WORK INSTRUCTION
Leaving out all pictures, write out word for word the lines from the one containing "New 2026 Dodge" to the end of the data below.
────────────────────
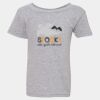 Heavy Cotton Toddler T-Shirt Thumbnail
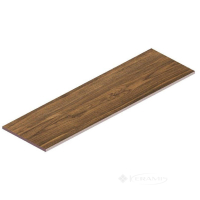 плитка Cerrad Ultima 17,5x60 brown (14512)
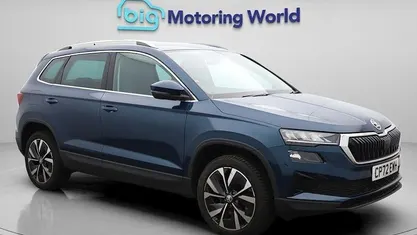 Used 2024 Skoda Karoq SE L SUV | £21,000 (Good price)
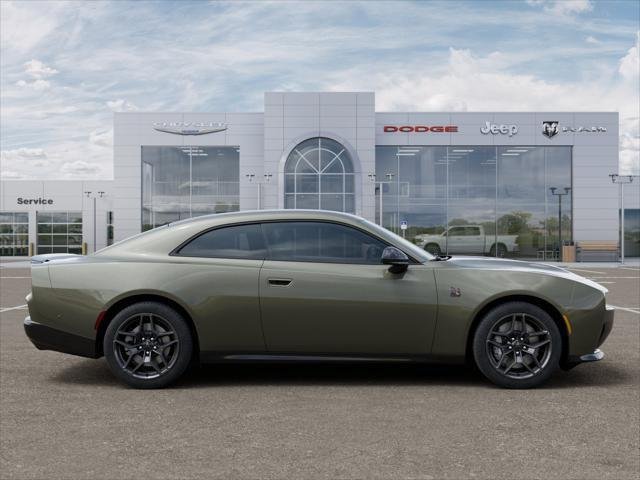 New 2026 Dodge Charger Scat Pack w/ Blacktop Package AWD/4WD image 99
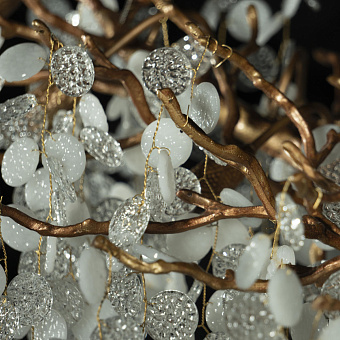 Люстра Loft It Fairytree 10066/1500 GB 75Вт 15 лампочек G9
────────────────────
OUTPUT OF THE EXERCISE
 New 2026 Dodge Charger Scat Pack w/ Blacktop Package AWD/4WD image 99
 Люстра Loft It Fairytree 10066/1500 GB 75Вт 15 лампочек G9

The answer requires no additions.